My grandfather planted successive patches of sweet corn so that we’d have it as continuously as possible throughout the summer, but every so often his careful planning would be ruined by his archenemies, the raccoons. “The corn’ll be ready to pick tomorrow,” he’d cheerfully announce at supper. “It looks beautiful. Be sure to put the sign out front.” The next morning he’d walk down to the field, then back up to the house, shoulders slumped dejectedly: “ Those #&$% coons showed up again. Better take the sign down.”

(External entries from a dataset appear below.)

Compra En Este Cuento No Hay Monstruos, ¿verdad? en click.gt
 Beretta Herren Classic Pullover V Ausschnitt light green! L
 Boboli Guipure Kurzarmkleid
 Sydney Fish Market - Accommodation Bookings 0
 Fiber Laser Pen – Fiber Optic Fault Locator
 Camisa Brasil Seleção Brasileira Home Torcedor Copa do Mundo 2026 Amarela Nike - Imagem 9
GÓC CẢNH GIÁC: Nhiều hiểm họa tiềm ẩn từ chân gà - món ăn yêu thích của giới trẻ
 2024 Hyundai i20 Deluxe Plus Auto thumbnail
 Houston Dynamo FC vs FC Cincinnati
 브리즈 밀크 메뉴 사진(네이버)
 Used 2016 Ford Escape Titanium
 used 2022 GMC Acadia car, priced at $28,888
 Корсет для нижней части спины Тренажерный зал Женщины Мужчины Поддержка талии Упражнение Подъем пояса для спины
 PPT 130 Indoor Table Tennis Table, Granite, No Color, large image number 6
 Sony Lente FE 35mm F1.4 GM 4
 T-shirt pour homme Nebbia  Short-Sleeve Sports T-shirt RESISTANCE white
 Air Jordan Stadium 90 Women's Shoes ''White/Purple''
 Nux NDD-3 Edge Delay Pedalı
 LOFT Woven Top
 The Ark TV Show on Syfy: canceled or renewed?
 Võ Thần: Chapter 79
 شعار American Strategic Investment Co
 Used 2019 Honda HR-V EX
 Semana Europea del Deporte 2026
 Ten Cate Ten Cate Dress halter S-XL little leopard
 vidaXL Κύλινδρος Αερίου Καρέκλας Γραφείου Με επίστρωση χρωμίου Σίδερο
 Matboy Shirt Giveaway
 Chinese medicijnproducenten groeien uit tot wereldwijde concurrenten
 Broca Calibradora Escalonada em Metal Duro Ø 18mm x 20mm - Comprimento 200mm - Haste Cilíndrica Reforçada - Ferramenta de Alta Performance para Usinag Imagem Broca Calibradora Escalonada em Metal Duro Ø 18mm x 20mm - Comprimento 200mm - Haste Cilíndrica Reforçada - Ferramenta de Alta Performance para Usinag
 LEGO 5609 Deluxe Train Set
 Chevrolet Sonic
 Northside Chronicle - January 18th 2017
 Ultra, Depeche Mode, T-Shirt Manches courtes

It wouldn’t have been so bad if they’d taken a few dozen ears. In fact, I think my grandfather would gladly have given that much to them. The problem was that the raccoons – who unerringly waited until the day the corn was at its prime – would move down the rows and take one bite out of each ear, ruining an entire field. Anyone who’s ever seen Bill Murray battle the gopher in the movie Caddyshack will have an idea of the unending war my grandfather waged against the raccoons. At various times he tried electric fencing, an army of transistor radios placed strategically in the fields that blared throughout the night and kept us all awake, bright lights, and even an occasional nighttime vigil with a shotgun. Some of his strategies would work for a while, but it never took long for the clever raccoons to catch on.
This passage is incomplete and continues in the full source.